Article reprinted from UCOP, originally adapted with permission from UC Santa Cruz
Online shopping during the holiday season continues to grow in popularity. In 2015, Cyber Monday sales reached approximately $3B, an increase of 12-16% over the previous year's record-setting sales, with mobile sales accounting for approximately 27% of that figure—an increase of 50%. Cyber Monday revenues have more than tripled since 2009, and there is every expectation that the trend will continue. 
At the same time, criminals and hackers continuously devise new schemes to compromise computers, steal passwords, and trick you into revealing valuable information (personal, financial, etc.) to get your money.
Fortunately, many cyber threats are avoidable.
Keep these six tips in mind to help protect yourself from identity theft and other malicious activity while shopping and browsing online during this holiday season:
- If an offer seems too good to be true, it probably is. Don't be fooled by the lure of great discounts.
- Watch out for fake package tracking emails and fake e-cards. These often come with malicious links or attachments designed to infect your device or steal your account information.
- Always think twice before clicking on links or opening attachments. Be cautious about all messages you receive, even those that appear to be from people you know, legitimate organizations, your favorite retailers, or even your bank. The messages could be spoofed and be malicious. Use known, trusted URLs instead of clicking on links.
- Never reveal your password.
- Don't ever give your financial information or personal information via email or text.
- Limit your online shopping to merchants you know and trust. Go to sites by directly typing a known, trusted URL into the address bar instead of clicking on a link.
Additional Ways to Protect Yourself Online
- Pay by credit card, not debit card. Credit cards offer protections that may reduce your liability if your information is used improperly. Debit cards typically do not have the same level of protection. Also, check your statements regularly.
- Look for “https” before logging in or entering any information online. Make sure web page addresses (URLs) begin with https (NOT http). The “s” stands for “secure" and indicates that communication with the webpage is encrypted.
- Make sure your browser is current and up-to-date.
- Only use apps from known, reputable sources. Malicious software ("malware") designed to steal credit card and other sensitive information can be downloaded onto mobile devices from seemingly legitimate shopping apps. Update your apps when notified. Also, disable Bluetooth and Near Field Communications when not in use to reduce the risk of your data being intercepted by thieves.
- Don't respond to pop-ups. If a window pops up promising you cash, bargains, or gift cards in exchange for answering a survey or other questions, close it. Don’t respond. Similarly, don’t respond to popups indicating you need to purchase anti-virus software or software to “clean your infected computer”. These are all scams.

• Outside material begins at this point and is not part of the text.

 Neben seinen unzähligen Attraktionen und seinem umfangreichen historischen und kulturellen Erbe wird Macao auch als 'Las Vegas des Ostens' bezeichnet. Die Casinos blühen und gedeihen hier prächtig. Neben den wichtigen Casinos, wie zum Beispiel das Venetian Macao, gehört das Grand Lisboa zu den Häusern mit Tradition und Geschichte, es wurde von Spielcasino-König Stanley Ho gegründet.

- Keep your devices up to date and virus free. Be sure your computer and mobile devices are current with all operating system and application updates. Anti-virus/anti-malware software should be installed, running, and receiving automatic updates.
- Don't auto-save your personal information or passwords. When purchasing online, you may be given the option to save your personal information or password online for future use. Consider if the convenience is really worth the risk. The convenience of not having to re-enter the information is insignificant compared to the amount of time needed to repair the loss of stolen personal information or passwords.

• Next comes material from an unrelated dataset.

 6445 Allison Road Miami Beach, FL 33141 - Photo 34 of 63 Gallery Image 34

- Don't use public computers or public wireless for your online shopping. Public computers may contain malicious software that can steal your information and passwords. Additionally, criminals may intercept traffic on public wireless networks to obtain credit card numbers and other sensitive information. Set your devices to “ask” before joining new wireless networks to avoid unknowingly connecting to an insecure hot spot.
- Secure your home Wi-Fi. To thwart eavesdroppers and data thieves, enable strong encryption on your home wireless network - WPA2 is recommended. Make sure you control administrative access to your home network, and that all users are required to sign in with a strong password before connecting.
- Be alert for charity donation scams. Cyber criminals try to take advantage of generosity given during the holiday season and may use fake charity requests to gain access to your information or computer/device. Don’t click on links in emails requesting donations. Contribute by navigating to the trusted address of the charity.
- Secure your computer and mobile devices with a complex password. Don’t use the same password for any other accounts. Set a timeout that locks your device after a period of inactivity and be sure your devices require a password to start up or resume activity.
- Don't post pictures of tickets to concerts or sporting events on social media sites. Protect the barcodes on tickets in the same way you would protect your credit card number. Fraudsters create tickets using barcodes they find on social media sites and resell the tickets.